Sexmeile Oranienburger:
Abzocke am Bordstein


von Barbara Keller

24. März 2005. Amtsgericht Tiergarten. Abt. 336 - Strafrichter.
Im Mai und September letzten Jahres ließen sich die Informatiker Mattias K. (26), Frank M. (21) und ein weiterer Freier an der Oranienburger Straße kräftig ausnehmen. Weil ihnen das nötige Kleingeld fehlte, überließen die betrunkenen Männer einem im Team arbeitenden Hurenduo ihre Geldkarte samt PIN. Die Folge: von den Konten gingen erheblich höhere Summen als das vereinbarte Honorar ab. – Jana K. (24), die im vergangenen Jahr bereits einschlägig zu einer Geldstrafe verurteilt wurde, geriet ins Blickfeld der Ermittlungen, weil alle drei Betrugsopfer die Prostituierte in der Kartei des Erkennungsdienstes wieder erkannten. Jana K., heute Kellnerin, streitet ab. Die solariumgebräunte Dame mit dem rosafarbenen Handtäschchen ist angeblich nicht mehr im Milieu: "Ich habe mit diesen Leuten nichts mehr zu tun. Ich mache eine Therapie."


Trotz "Prostitutionsgesetz" (2002): "das älteste Gewerbe der Welt" tut sich noch immer schwer, aus dem Schmuddelmilieu und kriminellem Dunstkreis zu treten. Schuld daran sind nicht zuletzt behördliche Fallstricke und Finessen. Noch immer gibt es kaum saubere Arbeitsverträge. Und wenn, dann nur im Niedriglohnsektor. Aber immerhin, Freier, die nicht zahlen wollen, können seit 2002 juristisch belangt werden.

"Ich kenne keinen Mann, der nicht zu Huren geht!

Die Nachfrage nach sexuellen Leistungen ist unvermindert groß. Schenkt man einem der Zuhörer des Prozesses Glauben: "Ich kenne keinen Mann, der nicht zu Huren geht – außer mir und meinem Freund" (süffisantes Lächeln), scheint der Bordsteinservice geradezu ein Volksbedürfnis zu sein. Die Auffassung, dass die männliche Spezies Mensch – reziprok übrigens zum Hund - regelrecht gemeingefährlich werden und wahllos auf Frau und Kind losgehen muss (!), wenn sie kein sexuelles Betätigungsfeld als der Onanie findet, genießt breiten Zuspruch.
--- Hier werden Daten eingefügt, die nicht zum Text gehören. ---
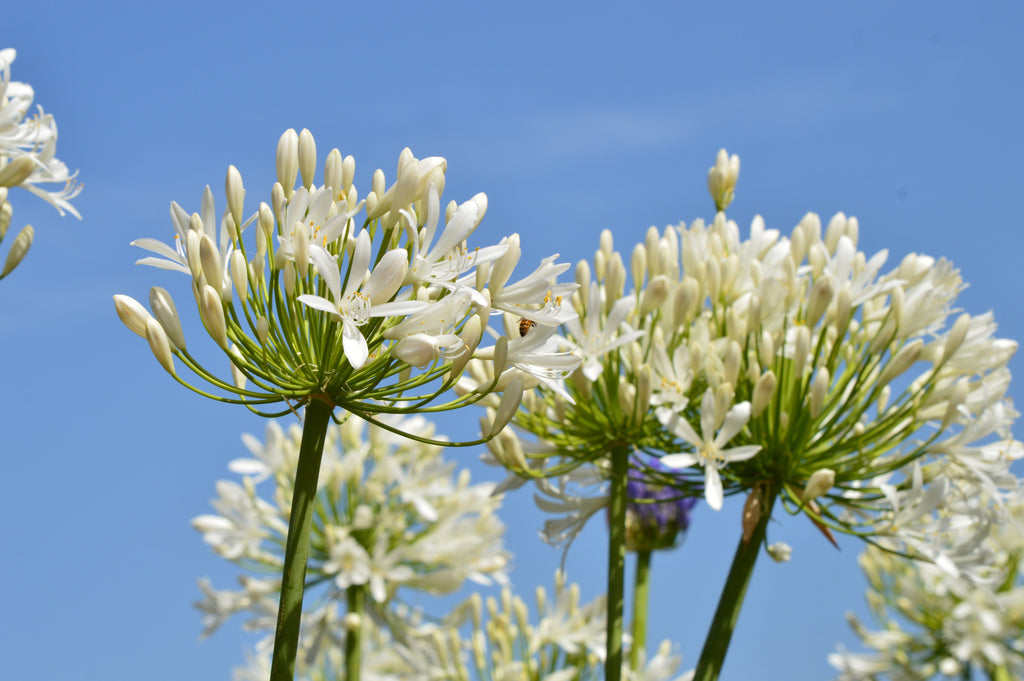 25 WHITE LILY of the NILE Agapanthus Orientalis African Lily Flower Seeds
Angesichts dieser "drängenden Lage" und der anhaltenden behördlichen Ignoranz mit ihren Folgen nimmt der vorherrschende, kloakenhafte Ton am Arbeitsplatz der Hure nicht Wunder. Und es verwundert sicher auch nicht, dass sich die Damen vom Fach revanchieren, indem sie den Kunden so tief wie möglich in die Tasche greifen. – Kräftig vergriffen hat sich auch Jana K., nach eigenen Angaben heute Kellnerin, die im Sommer 2004 geschäftlich noch auf der Oranienburger Straße aktiv war und die mit Rechtsbeistand und Egon-Krenz-Anwalt Robert Unger im Amtsgericht Tiergarten erschien.

Fälschlich angenommenes Schamgefühl

Die Geschäftsidee, betrunkenen Freiern für Budget übersteigende Sonderleistungen die Kreditkarte samt PIN-Nummer aus dem Kreuz zu leiern, um dann klammheimlich mehr Geld als vereinbart abzuheben, scheiterte an dem nur gedachten Schamgefühl der Kunden. Tatsächlich erstatteten die Geprellten, sobald sie das Defizit auf dem Konto bemerkten, sofort Anzeige bei der Polizei.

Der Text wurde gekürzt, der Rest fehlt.